Big donors pushing for greater change
Donor risk appetite drives hesitancy
  • Risk-sharing pilots have shown positive benefits. Literature focuses mainly on risks to international actors, raising issues of power imbalances.
Capacity strengthening is underfunded and unidirectional
International perspectives dominate
  • Inter-Agency Standing Committee (IASC) mapping found local and national organisations present in 80% of Humanitarian Country Teams, but accounted for only 9% of their leadership. Where there has been an international presence for years, such as Yemen, these trends are entrenched. Where the system has recently scaled, like Ukraine, old patterns persist.
  • An ALNAP COVID-19 evaluation synthesis reinforces the minimal shift in decision-making power, leadership positions and flexible funding.
Overcomplicated due diligence due to concerns about corruption
  • Even simpler approaches to due diligence and risk assessment place a burden on local and national organisations to meet international standards before becoming an ‘equal partner’.
  • Examples of emerging good practice include:
    • Disasters Emergency Committee (DEC) has developed due diligence passporting in Ukraine, where vetting of partners is transferable. Only three DEC members have used it.
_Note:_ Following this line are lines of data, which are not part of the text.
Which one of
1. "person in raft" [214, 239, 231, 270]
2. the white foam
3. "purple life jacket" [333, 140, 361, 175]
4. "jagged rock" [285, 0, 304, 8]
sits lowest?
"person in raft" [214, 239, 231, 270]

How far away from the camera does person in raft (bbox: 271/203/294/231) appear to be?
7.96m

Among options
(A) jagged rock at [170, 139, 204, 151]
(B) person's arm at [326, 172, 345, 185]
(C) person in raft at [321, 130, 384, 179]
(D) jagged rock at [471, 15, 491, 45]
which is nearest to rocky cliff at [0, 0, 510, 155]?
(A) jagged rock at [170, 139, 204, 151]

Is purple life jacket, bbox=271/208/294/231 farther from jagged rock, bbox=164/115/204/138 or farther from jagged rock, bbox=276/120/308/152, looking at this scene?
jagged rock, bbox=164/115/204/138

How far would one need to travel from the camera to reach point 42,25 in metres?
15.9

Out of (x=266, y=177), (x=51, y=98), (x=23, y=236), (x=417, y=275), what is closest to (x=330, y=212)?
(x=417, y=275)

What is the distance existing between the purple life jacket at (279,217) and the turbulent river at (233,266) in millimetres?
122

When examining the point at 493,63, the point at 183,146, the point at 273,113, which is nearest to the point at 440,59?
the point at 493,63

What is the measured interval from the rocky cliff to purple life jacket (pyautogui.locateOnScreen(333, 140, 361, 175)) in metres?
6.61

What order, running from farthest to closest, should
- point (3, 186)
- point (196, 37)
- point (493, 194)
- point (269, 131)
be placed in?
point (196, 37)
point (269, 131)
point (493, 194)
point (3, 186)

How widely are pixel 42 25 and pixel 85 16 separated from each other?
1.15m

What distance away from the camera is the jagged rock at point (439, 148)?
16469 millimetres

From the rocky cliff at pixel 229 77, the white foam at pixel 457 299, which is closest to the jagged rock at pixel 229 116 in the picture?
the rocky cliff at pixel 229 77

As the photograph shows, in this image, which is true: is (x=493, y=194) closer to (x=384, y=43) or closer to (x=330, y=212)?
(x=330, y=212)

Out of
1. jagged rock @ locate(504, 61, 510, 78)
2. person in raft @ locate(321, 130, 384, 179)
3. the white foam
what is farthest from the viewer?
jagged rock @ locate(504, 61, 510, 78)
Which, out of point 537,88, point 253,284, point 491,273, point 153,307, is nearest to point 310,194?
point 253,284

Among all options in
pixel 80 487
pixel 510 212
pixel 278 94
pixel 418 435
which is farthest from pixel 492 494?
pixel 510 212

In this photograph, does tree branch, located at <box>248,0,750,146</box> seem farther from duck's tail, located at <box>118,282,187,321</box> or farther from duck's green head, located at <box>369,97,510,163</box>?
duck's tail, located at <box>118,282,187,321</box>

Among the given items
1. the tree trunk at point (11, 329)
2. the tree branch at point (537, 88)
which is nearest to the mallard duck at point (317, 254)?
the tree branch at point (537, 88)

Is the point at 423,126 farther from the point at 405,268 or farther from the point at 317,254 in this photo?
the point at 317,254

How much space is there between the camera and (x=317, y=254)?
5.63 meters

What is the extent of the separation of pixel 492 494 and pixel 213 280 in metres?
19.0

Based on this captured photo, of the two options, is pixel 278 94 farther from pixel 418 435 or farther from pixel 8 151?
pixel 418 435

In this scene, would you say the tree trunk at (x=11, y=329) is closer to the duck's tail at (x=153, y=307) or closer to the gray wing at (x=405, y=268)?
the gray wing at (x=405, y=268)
    • Filipino organisation the Centre for Disaster Preparedness has a simplified due diligence process with USAID for their Community Solidarity Fund.
Further questions for the future of localisation efforts
  • Tick-box exercise? There is a potential trend of international agencies looking for partners who meet compliance requirements instead of removing barriers, cementing sub-contracting relationships over more equitable partnerships.
  • Who is ‘local’? Local organisations with international ties can cannibalise opportunities for those without global links.
  • Equity or effectiveness? Localisation is seen as a way to address power imbalances, deliver more relevant, timely and cost-effective responses and greater resilience, sustainability and improved accountability to affected people. Current evidence backing these assumptions is weak. The sector has yet to define the intended outcomes of localisation or ways to measure its impacts.
  • Scalability of locally-led work? More and more organisations are promoting survivor- and community-led approaches, which are flexible and contextual. But are they scaleable?
  • Role of government? Locally-led approaches depend on strong, open civil society. But the right to peaceful assembly, association, expression is in decline. Repressive, corrupt and weak governments may limit humanitarian space.
  • At odds with humanitarian principles? In Ukraine, aid groups wrestle with bedrock principles like neutrality and impartiality and instead emphasised a principle of solidarity – raising questions as to whether this kind of pivot could be relevant elsewhere.
  • Is the system letting itself off easily? Localisation discourse primarily happens among international actors, further entrenching the power imbalance. Some say localisation only scratches the surface, and dodges more uncomfortable conversations about inequity and racism. Is a more radical approach tackling the colonial roots of aid needed?